Wednesday, 23 April 2014

Learning to Predict Obstacle Aerodynamics from Depth Images for Micro Air Vehicles

This work develops a method to anticipate the aerodynamic ground effects a Micro Air Vehicle will have when going above different obstacles. This works by learning a mapping from depth images to the acceleration experienced from flying above a variety of objects. Computing full 3D aerodynamic effects using air flow simulation onboard a MAV is currently unfeasible. This work uses the alternative approach of learning the visual appearance of objects that produce a given effect which therefore turns the problem into one of regression rather than raw computation.
With the current "easiness" with which 3D maps are now possible to be constructed, this work in a way aims to enhance maps with information that is beyond purely geometric. We have also closed the control loop so we correct for the deviation in anticipation, but that is for another paper.

  • John Bartholomew, Andrew Calway and Walterio Mayol-Cuevas, Learning to Predict Obstacle Aerodynamics from Depth Images for Micro Air Vehicles by , IEEE ICRA 2014. [PDF]

Saturday, 12 October 2013

3D from Looking: Using Wearable Gaze Tracking for Hands-Free and Feedback-Free Object Modelling

How to get a 3D model of something one looks at without any clicks or even feedback to the user?

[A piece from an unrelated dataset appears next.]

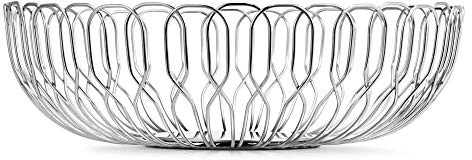 Georg Jensen Brotkörbe 22 cm, Edelstahl, Stainless Steel 26.3 x 26.3 x 8.5 cm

From our paper T. Leelasawassuk and W.W. Mayol-Cuevas. 3D from Looking: Using Wearable Gaze Tracking for Hands-Free and Feedback-Free Object Modelling. ISWC 2013.

Monday, 1 July 2013

Real-time 3D simultaneous localization and map-building for a dynamic walking humanoid robot

 Image from our Advanced Robotics Journal paper

 This work is with our Samsung Electronics colleagues where our real-time slam system has been used to provide Samsung's RoboRay with mapping capability. RoboRay is one of the most advanced humanoid robots and uses dynamic walking which imposes higher demands on the slam system as there is more agility and motion overall. More details in the paper:

Real-time 3D simultaneous localization and map-building for a dynamic walking humanoid robot
S Yoon, S Hyung, M Lee, KS Roh, SH Ahn, A Gee, P Bunnun, A Calway, & WW Mayol-Cuevas,
Advanced Robotics, published online on May 1st, 2013.

Friday, 28 June 2013

Real-Time Continuous 6D Relocalisation for Depth Cameras

In this work we present our fast (50Hz) relocalisation method based on simple visual descriptors plus a 3D geometrical test for a system performing visual 6-D relocalisation at every single frame and in real time. Continuous relocalisation  is useful in re-exploration of scenes or for loop-closure in earnest. Our experiments suggest the feasibility of this novel approach that benefits from depth camera data, with a relocalisation performance of 73% while running on a single core onboard a moving platform over trajectory segments of about 120m. The system also reduces in 95% the memory footprint compared to a system using conventional SIFT-like descriptors.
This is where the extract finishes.